Keywords: pediatrics, critical care, post-intensive care syndrome
Introduction
Mortality among children admitted to a pediatric intensive care unit (PICU) has decreased over time, leading many research programs to shift focus toward understanding and improving the long-term outcomes of PICU survivors. 1 The prevalence of post-PICU morbidity, often termed the post-intensive care syndrome (PICS), has not been precisely established in children due to variability in definitions, assessed time points, and patient characteristics, and published rates range from 3 to > 60%. 2 3 The study of post-PICU outcomes can be confounded by comorbidities that existed before PICU admission that may independently cause long-term morbidities, such as cancer and congenital heart disease. 4 5 In addition, heterogeneous PICU research cohorts may include children with an acute, primary brain injury (e.g., meningitis, traumatic brain injury) that causes morbidity independent of care provided in the PICU. 6 7 To identify modifiable PICU care practices that impact long-term morbidity, it may be advantageous to study previously healthy children with a prevalent, nonneurologic critical illness.
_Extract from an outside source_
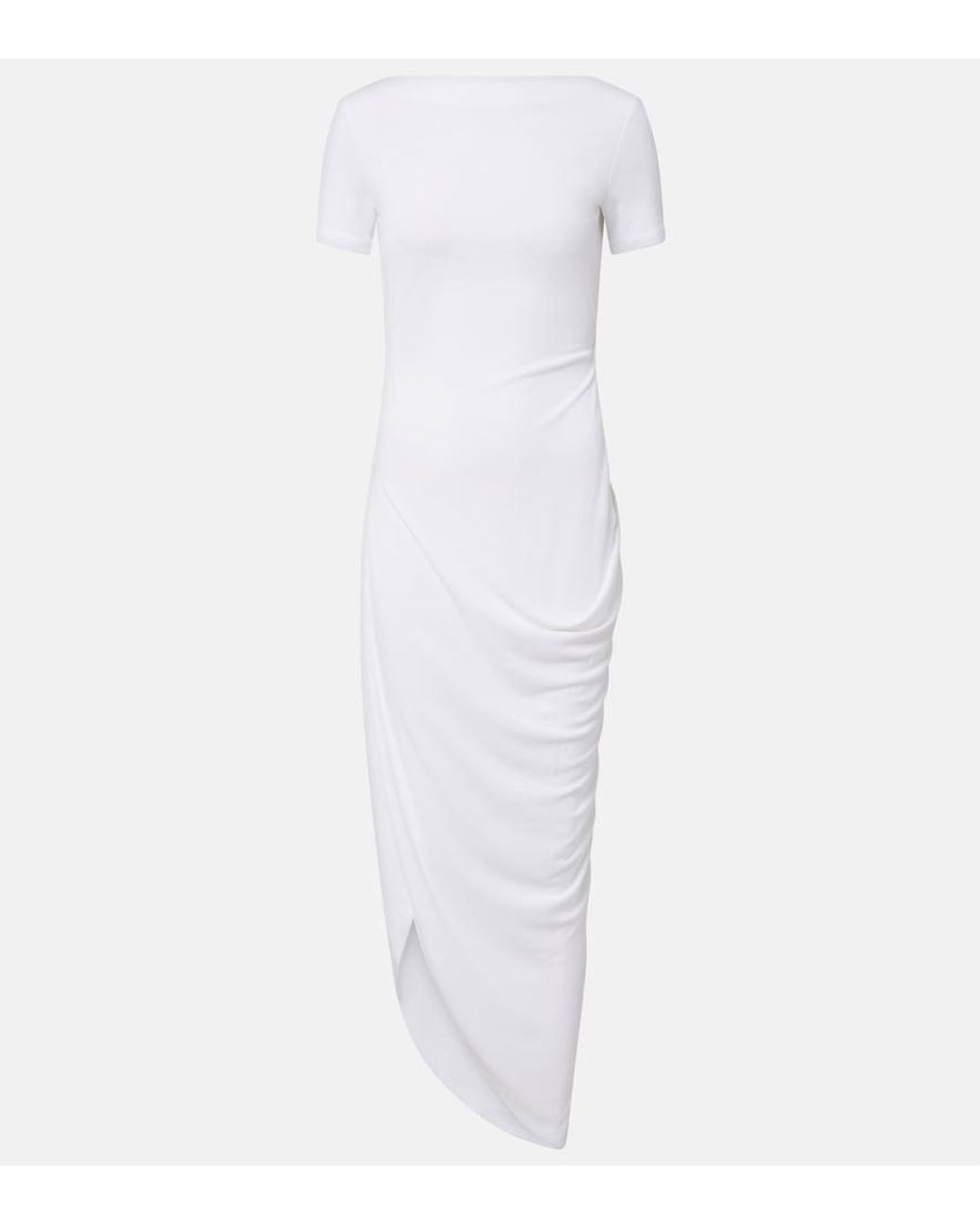 Jacquemus White The Sole Cutout Jersey Midi Dress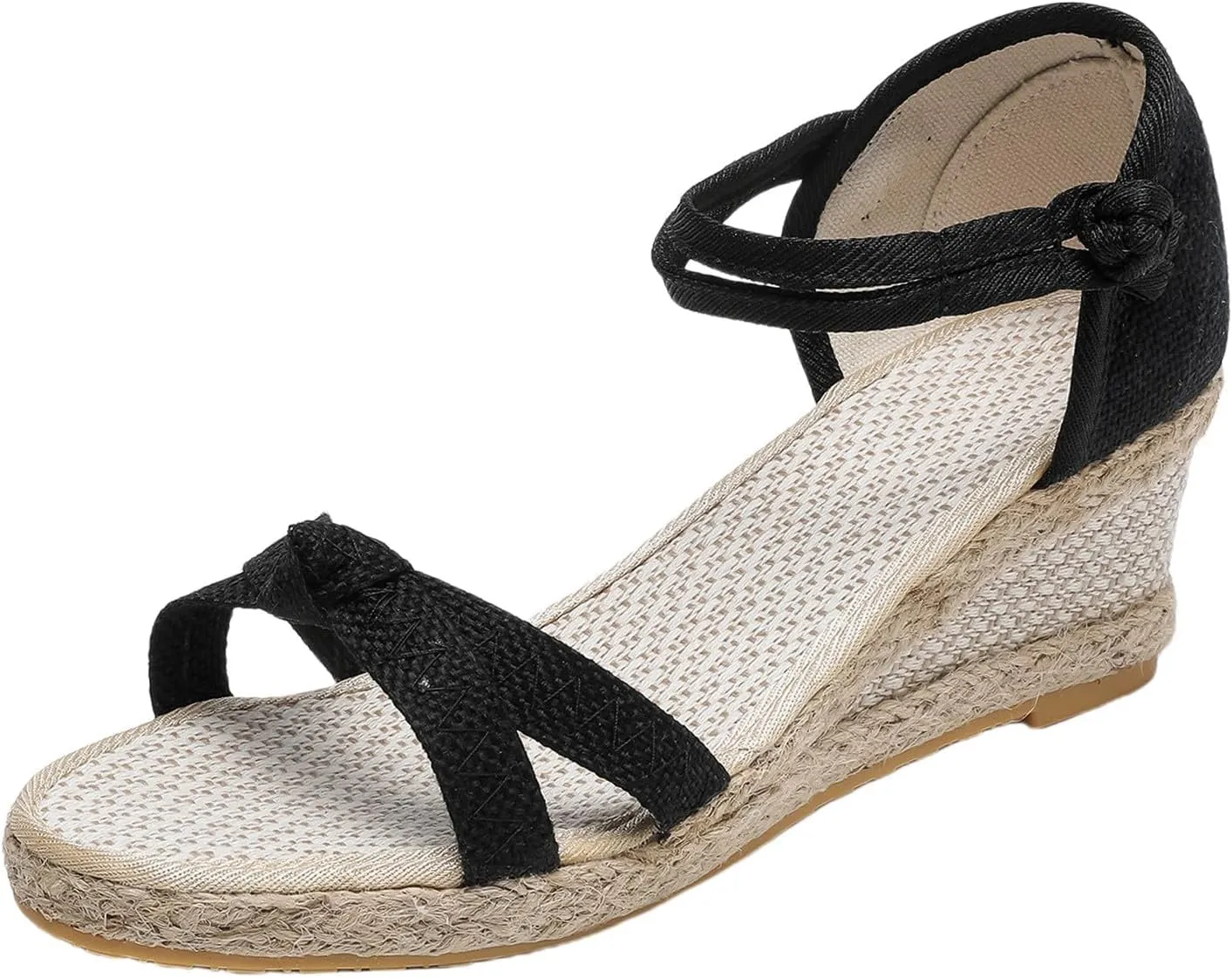 Platform Sandals Women Open Toe Slides Wedge Espadrille Sandals Cute Bow Lace Up Ankle Strap Summer Walking Shoes for All Occasions: Casual, Work, Party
Bronchiolitis is one of the most common indications for PICU admission, often affects generally healthy children, and is only infrequently associated with direct neurologic insults. 8 9 Children with critical bronchiolitis are often exposed to many purported risk factors of PICS during PICU care, including sedative medications, mechanical ventilation, bed rest/deconditioning, inflammation, hypercarbia, and hypoxemia. 10 11 12 We previously reported that approximately 15% of critical bronchiolitis patients have evidence of post-PICU morbidity using two multicenter, predominantly administrative databases. 13 However, that estimate relied on crude measures of morbidity such as receipt of rehabilitation services and performance of neuroimaging. In this study, we used more precise tools to assess the long-term outcomes of initially normally developing children who had survived critical bronchiolitis. The overall hypothesis of our research program is that a substantial number of survivors of critical bronchiolitis have unfavorable neurodevelopmental and functional outcomes that may be modifiable, and this descriptive study intends to better characterize their long-term outcomes.
Methods
With approval from the Institutional Review Board of University Hospitals of Cleveland, the parents of eligible children who were previously admitted to our PICU between January 2015 and April 2018 were contacted via postal mail. Inclusion criteria were (1) PICU admission at age < 2 years with a diagnosis of bronchiolitis and (2) age 18 to 36 months at the time of invitation to this study. Children who were already > 36 months at the onset of this study were excluded given the preferred ages to perform some of the tests used in this study. Additional exclusion criteria were (1) abnormal developmental status at the time of PICU admission and (2) any subsequent PICU admission after the index bronchiolitis admission. Both exclusion criteria were evaluated via review of the child's electronic medical record by the primary author (e.g., any mention of “developmental delay” or similar terms in the PICU “history and physical” physician note) and confirmed by questioning the parents before scheduling testing for this study.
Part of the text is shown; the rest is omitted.